As a scholar of Chinese philosophy, I spend much of my time reading, translating and interpreting early Chinese texts. It is clear that dealing with loss was a major concern for early Chinese philosophers.
So, what can we learn from them today?
Two influential philosophers who reflected on these issues were Zhuang Zhou and Confucius. Zhuang Zhou lived in the fourth century B.C. and is traditionally credited with writing one of the most important texts of the Daoist philosophy, “Zhuangzi.” Confucius, who lived more than a century before Zhuang Zhou, had his teachings compiled in a text written by later students, commonly known in the West as the “Analects of Confucius.”
On the face of it, these two philosophers offer very different responses to the “problem” of death.

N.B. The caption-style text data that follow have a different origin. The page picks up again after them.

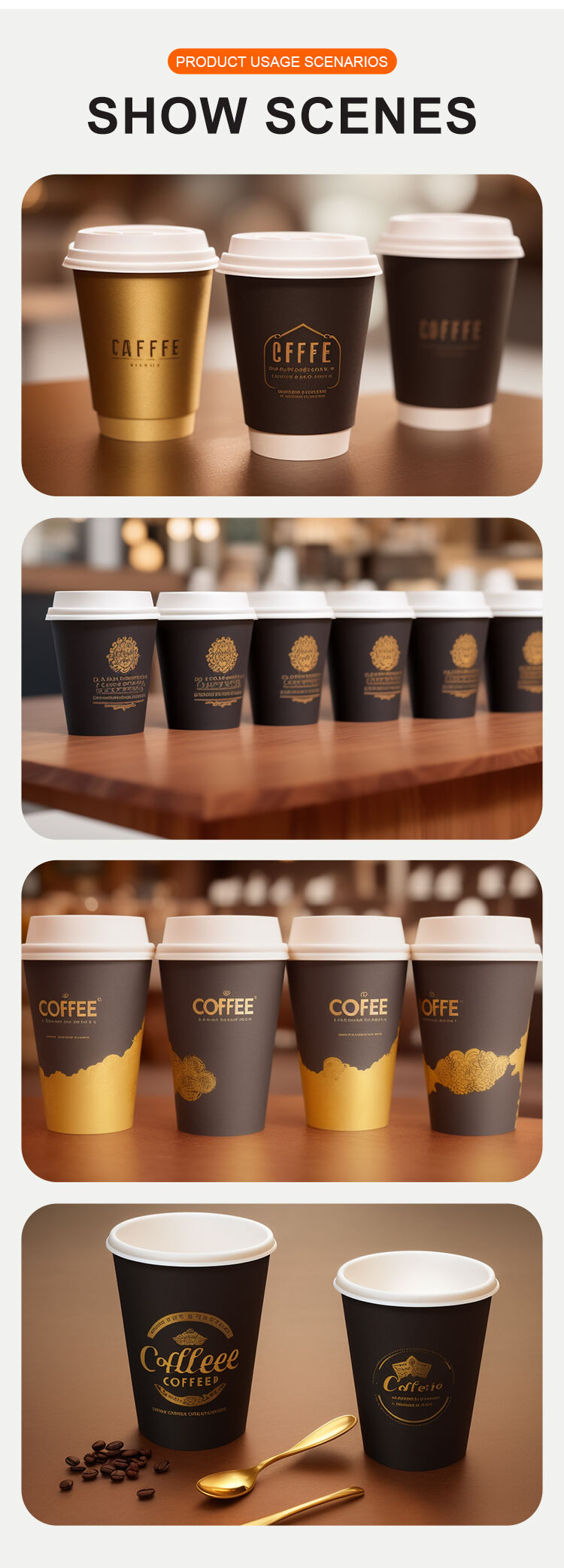 Wholesale Customizable logo waterproof Disposable Double wall black paper cups with lid manufacture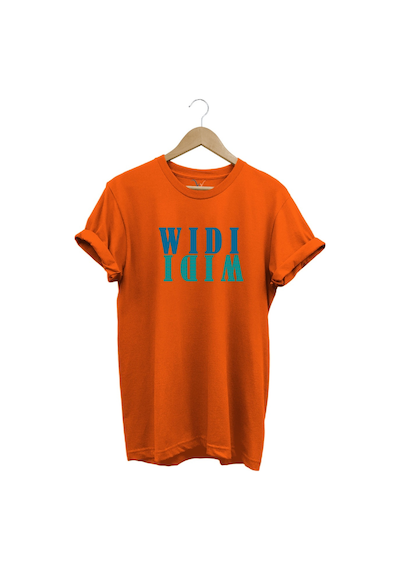 Widi Logo Aynalanmış Tasarım Baskılı %100 Pamuk Regular Fit T-shirt Turuncu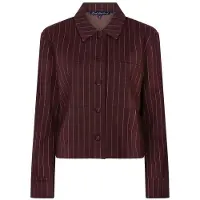 Red Button Blazer Jacket Punta Pinstripe Srb5028 Burgundy Dames Maat - L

Zhuang Zhou offers us a way to eliminate grief, seemingly consistent with the desire to quickly get beyond loss. In one story, Zhuang Zhou’s friend Hui Shi meets him just after Zhuang Zhou’s wife of many years has died. He finds Zhuang Zhou singing joyously and beating on a drum. Hui Shi upbraids him and says:
“This person lived with you for many years, and grew old and died. To fail to shed tears is bad enough, but to also beat on drums and sing – is this not inappropriate?”
Zhuang Zhou replies that when his wife first died, he was as upset as anyone would be following such a loss. But then he reflected on the circumstances of her origins – how she came to be through changes in the elements that make up the cosmos. He was able to shift his vision from seeing things from the narrowly human perspective to seeing them from the larger perspective of the world itself. He realized that her death was just another of the changes of the myriad things constantly taking place in the world. Just as the seasons progress, human life generates and decays.
In reflecting on life in this way, Zhuang Zhou’s grief disappeared.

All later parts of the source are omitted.